If there’s one thing about my line of work I hate more than anything it has to be office Christmas and closing party mash-ups. I hate them more than I hate PowerPoint presentations that look like they were done by a computer illiterate grade three student – I do realise that computer illiterate/not computer savvy third graders are hard to come by these days. In fact, I wager that children now come equipped with a working knowledge of technology but due to parents’ ignorance the ability only gets activated around two and a half to three-years of age when the child gets a bit of freedom to explore on its own. I’m not a fan of office parties; I’d take a team building challenge in the great outdoors or a substantial bonus over an open bar and all the hors d’oeuvres I can eat any day.
The funny thing though is that the first time that I have a boss ask me how I think the “closing party budget” should be spent I simply didn’t have the heart to scream “Team building boot camp!” The annual office party may not be my number one pick or even a favourite on the events calendar, but for many of my colleagues it is.

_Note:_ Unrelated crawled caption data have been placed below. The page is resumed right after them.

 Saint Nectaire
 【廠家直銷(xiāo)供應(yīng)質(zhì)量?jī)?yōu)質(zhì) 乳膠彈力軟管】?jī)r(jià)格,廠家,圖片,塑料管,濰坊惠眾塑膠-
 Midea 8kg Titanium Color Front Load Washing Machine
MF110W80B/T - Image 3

It is the event that signifies the end of the year, a chance to wear sequins and open toe shoes and probably the last chance to share some good skinner with colleagues without laptop screens getting in the way.

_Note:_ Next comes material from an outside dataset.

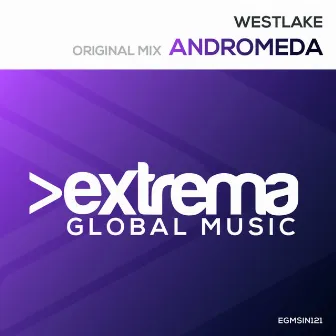 Andromeda by Westlake (US)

So, an office party it is. This means that this week I am looking forward to a few things:
-Bad finger food;
-Never to be worn again Christmas clothes (ties, jerseys and Rudolf hankies);
-The wonderful present my secret Santa will buy me;
-The one not-so-good-looking colleague, wearing a hideous jersey and Rudolf’s nose, trying to get lucky with me;
-And of course, the usual horror scenes that always happen at informal office events.
Did I mention that the wine would be free? I know, I'm trying to convince myself to make an appearance and as mother said: "you are trying to be in charge one day, go to these things. Mingle. Besides, do you know how many single people will be at this thing? They'll get to see you as more that a powerful woman in a pencil skirt."
A powerful woman in a pant suit with a glass of Merlot it is!